• Stored data:
--------------------------------

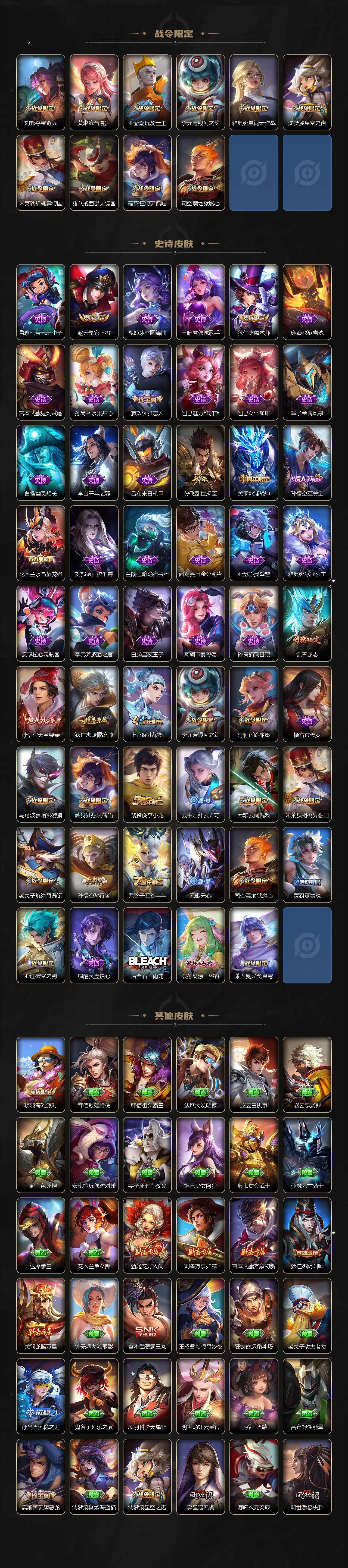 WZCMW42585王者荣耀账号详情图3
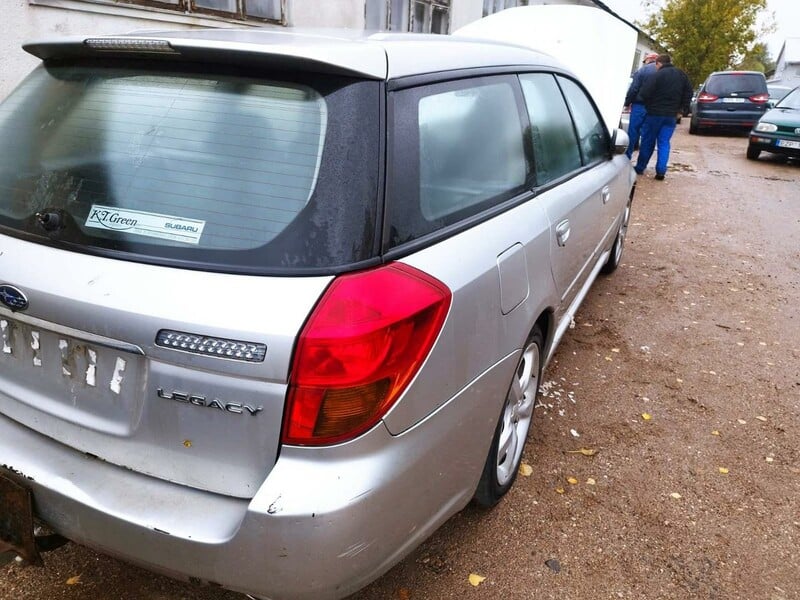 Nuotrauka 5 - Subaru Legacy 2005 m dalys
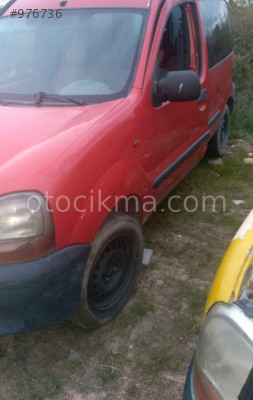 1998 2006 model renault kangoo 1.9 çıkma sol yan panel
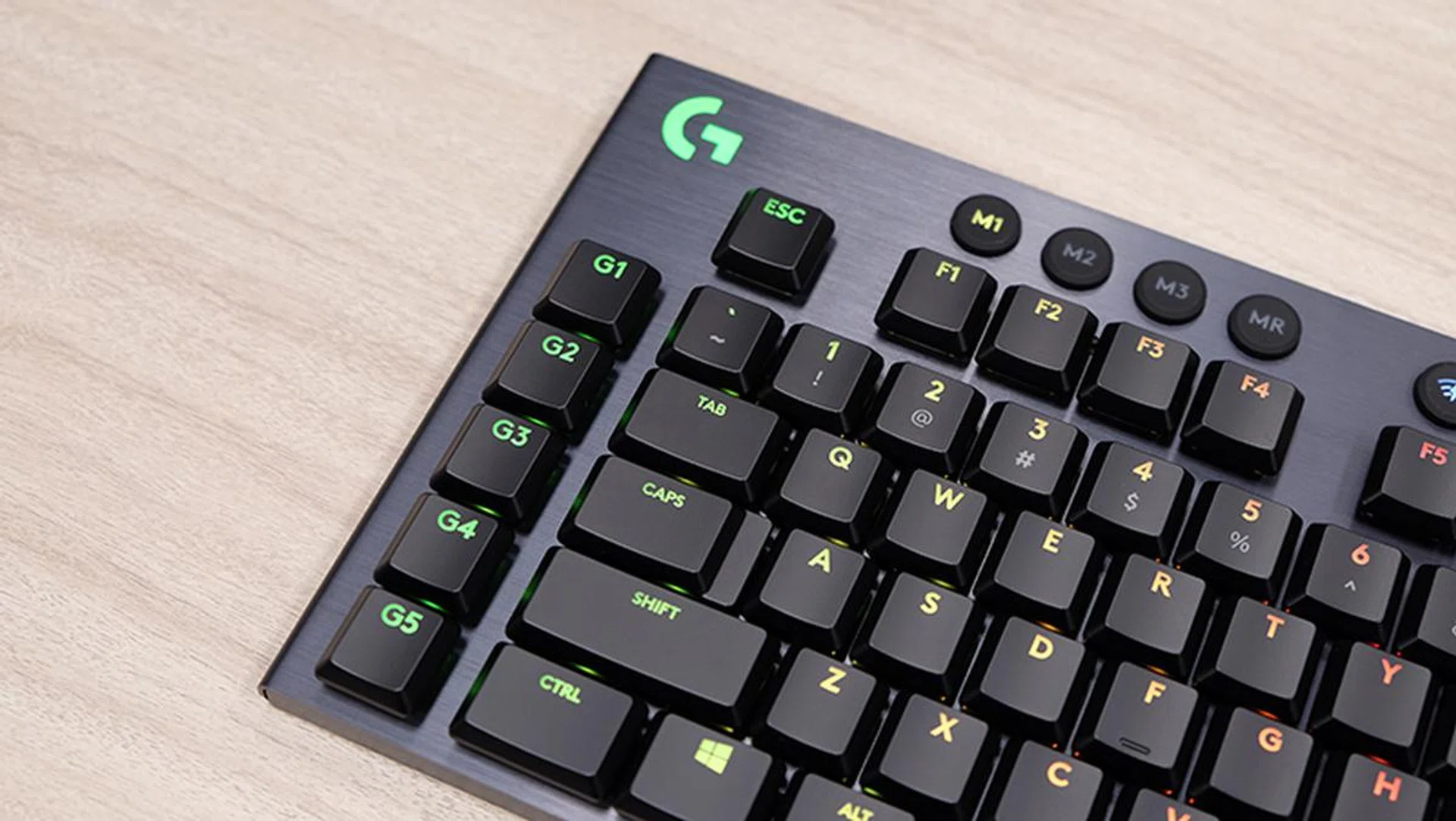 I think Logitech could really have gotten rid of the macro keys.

--------------------------------

• Exercise brief: Skip the images and write out the rest of the listing exactly.

• Completed exercise:
 WZCMW42585王者荣耀账号详情图3
 Nuotrauka 5 - Subaru Legacy 2005 m dalys
 1998 2006 model renault kangoo 1.9 çıkma sol yan panel
 I think Logitech could really have gotten rid of the macro keys.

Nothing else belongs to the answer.